→ **WORK TO BE COMPLETED**: There is one span to output from the data below: the lines starting at the line with "Hyundai i30 2017" and ending at the line with "Plaster Beige Lines Rect 25×75". Output it exactly, ends included, nothing more.

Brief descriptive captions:
----------------
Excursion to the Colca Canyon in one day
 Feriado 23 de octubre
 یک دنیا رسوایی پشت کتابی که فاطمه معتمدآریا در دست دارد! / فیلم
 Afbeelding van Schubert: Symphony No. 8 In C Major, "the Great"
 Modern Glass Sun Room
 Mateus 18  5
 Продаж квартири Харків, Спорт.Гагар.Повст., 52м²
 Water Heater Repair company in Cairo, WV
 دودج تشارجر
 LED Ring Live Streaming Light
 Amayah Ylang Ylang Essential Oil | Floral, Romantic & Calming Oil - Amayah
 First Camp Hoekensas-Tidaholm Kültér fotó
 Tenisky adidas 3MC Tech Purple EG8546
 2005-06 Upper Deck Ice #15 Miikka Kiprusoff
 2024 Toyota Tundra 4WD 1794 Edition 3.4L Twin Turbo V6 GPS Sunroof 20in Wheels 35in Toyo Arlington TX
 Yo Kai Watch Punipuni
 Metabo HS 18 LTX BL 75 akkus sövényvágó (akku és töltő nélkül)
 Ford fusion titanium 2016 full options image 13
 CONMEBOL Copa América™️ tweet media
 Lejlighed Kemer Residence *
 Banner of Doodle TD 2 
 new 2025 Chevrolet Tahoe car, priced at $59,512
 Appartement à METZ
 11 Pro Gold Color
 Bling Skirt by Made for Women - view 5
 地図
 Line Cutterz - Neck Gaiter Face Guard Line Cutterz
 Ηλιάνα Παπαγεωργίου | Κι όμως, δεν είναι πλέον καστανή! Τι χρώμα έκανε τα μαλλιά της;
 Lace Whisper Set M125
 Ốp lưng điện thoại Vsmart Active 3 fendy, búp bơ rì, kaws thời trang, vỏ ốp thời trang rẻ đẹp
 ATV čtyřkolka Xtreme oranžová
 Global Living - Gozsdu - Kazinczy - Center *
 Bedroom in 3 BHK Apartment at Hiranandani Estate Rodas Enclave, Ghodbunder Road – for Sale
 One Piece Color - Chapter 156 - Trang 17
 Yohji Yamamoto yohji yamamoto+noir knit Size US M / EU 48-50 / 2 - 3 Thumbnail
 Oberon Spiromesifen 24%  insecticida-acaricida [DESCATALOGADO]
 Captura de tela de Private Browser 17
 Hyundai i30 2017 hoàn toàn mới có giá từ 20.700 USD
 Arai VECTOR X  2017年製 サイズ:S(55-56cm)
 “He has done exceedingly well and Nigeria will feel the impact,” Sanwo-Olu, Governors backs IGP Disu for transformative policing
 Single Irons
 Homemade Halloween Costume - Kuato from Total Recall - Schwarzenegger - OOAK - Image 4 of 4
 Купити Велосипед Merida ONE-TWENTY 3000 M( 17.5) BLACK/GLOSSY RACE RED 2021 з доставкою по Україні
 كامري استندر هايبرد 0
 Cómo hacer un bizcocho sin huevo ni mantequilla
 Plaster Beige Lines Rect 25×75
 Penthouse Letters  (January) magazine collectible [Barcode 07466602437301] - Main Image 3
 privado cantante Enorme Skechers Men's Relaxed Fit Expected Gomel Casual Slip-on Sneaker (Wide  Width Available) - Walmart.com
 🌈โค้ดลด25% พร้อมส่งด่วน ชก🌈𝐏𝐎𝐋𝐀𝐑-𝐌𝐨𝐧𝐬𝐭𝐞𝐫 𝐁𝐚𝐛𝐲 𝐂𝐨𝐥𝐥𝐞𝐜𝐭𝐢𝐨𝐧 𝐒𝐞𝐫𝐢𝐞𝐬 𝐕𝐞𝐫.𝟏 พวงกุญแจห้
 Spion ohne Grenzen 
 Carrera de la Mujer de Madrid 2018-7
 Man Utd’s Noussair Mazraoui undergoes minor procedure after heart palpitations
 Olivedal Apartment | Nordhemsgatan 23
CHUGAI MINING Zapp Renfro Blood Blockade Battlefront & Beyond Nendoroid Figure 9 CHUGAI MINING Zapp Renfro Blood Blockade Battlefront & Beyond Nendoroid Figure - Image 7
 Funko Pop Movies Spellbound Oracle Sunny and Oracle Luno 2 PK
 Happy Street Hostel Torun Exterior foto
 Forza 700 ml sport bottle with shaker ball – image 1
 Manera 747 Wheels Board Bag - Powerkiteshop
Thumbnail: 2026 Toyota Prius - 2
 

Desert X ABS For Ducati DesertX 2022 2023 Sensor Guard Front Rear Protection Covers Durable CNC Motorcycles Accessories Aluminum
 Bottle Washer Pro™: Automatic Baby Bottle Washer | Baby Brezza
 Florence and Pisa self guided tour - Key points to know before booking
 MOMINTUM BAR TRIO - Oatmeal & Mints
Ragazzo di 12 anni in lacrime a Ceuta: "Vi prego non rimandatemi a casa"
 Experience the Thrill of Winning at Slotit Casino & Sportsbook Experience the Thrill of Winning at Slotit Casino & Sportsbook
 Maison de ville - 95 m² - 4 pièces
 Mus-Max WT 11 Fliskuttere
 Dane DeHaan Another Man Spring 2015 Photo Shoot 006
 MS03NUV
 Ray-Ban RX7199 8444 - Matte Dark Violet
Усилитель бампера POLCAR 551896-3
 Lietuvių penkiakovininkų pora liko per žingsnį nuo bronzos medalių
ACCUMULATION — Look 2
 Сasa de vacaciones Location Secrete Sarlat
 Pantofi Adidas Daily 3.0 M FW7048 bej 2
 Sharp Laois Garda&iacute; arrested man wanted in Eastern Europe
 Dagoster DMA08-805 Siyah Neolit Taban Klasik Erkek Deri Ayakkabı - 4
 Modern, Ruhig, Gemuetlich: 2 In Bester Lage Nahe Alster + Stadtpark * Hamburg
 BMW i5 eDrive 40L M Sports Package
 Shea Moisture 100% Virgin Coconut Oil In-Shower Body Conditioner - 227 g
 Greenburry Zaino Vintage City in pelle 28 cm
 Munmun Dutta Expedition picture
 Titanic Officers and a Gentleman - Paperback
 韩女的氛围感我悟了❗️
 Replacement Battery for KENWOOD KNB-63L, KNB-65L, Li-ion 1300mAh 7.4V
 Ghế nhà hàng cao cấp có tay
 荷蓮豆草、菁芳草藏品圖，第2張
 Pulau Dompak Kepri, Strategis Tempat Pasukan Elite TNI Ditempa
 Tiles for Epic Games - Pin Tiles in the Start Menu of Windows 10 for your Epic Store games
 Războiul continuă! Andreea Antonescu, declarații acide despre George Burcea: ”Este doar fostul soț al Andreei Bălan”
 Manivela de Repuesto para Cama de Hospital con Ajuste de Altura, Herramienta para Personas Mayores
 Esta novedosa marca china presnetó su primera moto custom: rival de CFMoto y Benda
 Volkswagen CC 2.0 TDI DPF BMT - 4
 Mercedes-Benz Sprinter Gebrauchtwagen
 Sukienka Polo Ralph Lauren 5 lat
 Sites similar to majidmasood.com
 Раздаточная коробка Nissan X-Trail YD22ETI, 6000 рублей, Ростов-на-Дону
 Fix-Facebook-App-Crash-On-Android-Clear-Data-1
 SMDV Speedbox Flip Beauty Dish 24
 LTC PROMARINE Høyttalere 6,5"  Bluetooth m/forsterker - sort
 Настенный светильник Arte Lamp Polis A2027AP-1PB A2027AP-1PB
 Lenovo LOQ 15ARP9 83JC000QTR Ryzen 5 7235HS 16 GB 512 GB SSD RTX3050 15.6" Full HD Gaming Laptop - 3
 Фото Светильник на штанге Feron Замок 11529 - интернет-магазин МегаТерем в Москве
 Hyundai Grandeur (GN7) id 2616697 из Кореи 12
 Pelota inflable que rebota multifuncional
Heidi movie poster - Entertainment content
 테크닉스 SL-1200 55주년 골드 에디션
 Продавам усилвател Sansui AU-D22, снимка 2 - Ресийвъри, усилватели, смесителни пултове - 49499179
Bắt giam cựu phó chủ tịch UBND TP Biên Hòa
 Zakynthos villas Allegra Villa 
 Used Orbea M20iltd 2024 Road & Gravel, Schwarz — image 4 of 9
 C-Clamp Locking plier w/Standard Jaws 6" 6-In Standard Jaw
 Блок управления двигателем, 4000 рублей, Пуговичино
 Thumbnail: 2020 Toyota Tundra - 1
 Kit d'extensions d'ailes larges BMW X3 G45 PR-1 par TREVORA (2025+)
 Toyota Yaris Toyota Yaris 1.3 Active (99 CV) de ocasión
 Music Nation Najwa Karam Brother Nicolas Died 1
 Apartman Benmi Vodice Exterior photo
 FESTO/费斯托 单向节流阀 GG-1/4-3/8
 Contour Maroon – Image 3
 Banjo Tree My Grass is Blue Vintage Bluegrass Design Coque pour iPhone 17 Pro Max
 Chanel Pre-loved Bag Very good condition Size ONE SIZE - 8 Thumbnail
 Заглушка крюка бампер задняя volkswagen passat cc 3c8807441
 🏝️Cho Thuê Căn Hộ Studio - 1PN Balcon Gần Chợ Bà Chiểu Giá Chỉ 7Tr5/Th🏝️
----------------
→ **RESULT OF THIS EXERCISE**:
 Hyundai i30 2017 hoàn toàn mới có giá từ 20.700 USD
 Arai VECTOR X  2017年製 サイズ:S(55-56cm)
 “He has done exceedingly well and Nigeria will feel the impact,” Sanwo-Olu, Governors backs IGP Disu for transformative policing
 Single Irons
 Homemade Halloween Costume - Kuato from Total Recall - Schwarzenegger - OOAK - Image 4 of 4
 Купити Велосипед Merida ONE-TWENTY 3000 M( 17.5) BLACK/GLOSSY RACE RED 2021 з доставкою по Україні
 كامري استندر هايبرد 0
 Cómo hacer un bizcocho sin huevo ni mantequilla
 Plaster Beige Lines Rect 25×75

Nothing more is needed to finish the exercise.